Vocaloid: The Music of Future
Brief
Overview
A research paper written for the Fundamentals of Music Technology class about the singing voice synthesizer Vocaloid and how it has changed the music industry.
Main Text
References
Date: May 6th, 2020
Type: Research Paper
Position: Author
Note: Written for the Fundamentals of Music Technology class
Vocaloid: The Music of Future
Have you ever imagined that one day our music will be produced entirely by robots? In the 2019 Japanese anime Carole & Tuesday, the story is set in a future world where people’s lives are mainly dependent on computers, and artificial intelligence writes most of the music (Motamayor, 2019). Although computers replacing human composers seems to be a far-fetched idea, musicians can now use synthesized singing voices for composing by software known as Vocaloid. The invention of Vocaloid is no doubt a breakthrough in music technology since it benefits both composers and producers and shakes the whole music industry significantly.
The idea of producing artificial human voices has existed much earlier than people’s imagination. The earliest artificial human voice production started with speech synthesis, which works with a text-to-speech system converting text to a synthesized human voice, which comes from recorded human voices stored in the database. Before electronic signal processing was invented, scientists such as Christian Kratzenstefound that humans could produce five basic vowels in 1779. Later in 1791, Wolfgang von Kempelen invented the machine known as the “acoustic-mechanical speech machine,” which worked with tongue and lips models to produce consonants and vowels, and this speech machine was refined later by many scientists. Then, Bell Labs developed a machine known as VOCODER in the 1930s, a speech analyzer and synthesizer produced by keyboards, and Homer Dudley refined VOCODER into VODER in 1939. In 1950, Dr. Franklin S. Cooper invented the Pattern playback, which converted pictures of acoustic patterns into sounds (McGill CS, 2007).

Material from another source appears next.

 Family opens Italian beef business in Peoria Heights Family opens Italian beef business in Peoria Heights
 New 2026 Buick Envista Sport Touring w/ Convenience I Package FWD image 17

Since the 1950s, computer technology has developed, and people can build speech synthesizers through computers instead of machines. Scientists developed the first electronic speech synthesis system in the 1950s, and in 1968, the first text-to-speech system was invented. Around the same time in Bell Labs, John Larry Kelly, Jr produced synthesized speech through an IBM 704 computer to recreate the song “Daisy Bell” with Max Mathews’s accompanist, which was the first time that people used speech synthesis in a musical context. In the movie 2001: A Space Odyssey, the film scorer used a HAL 9000 computer to sing the same song during the movie’s climactic scene. Scientists are still seeking ways to improve speech synthesis to make it sound more natural and clear (McGill CS, 2007).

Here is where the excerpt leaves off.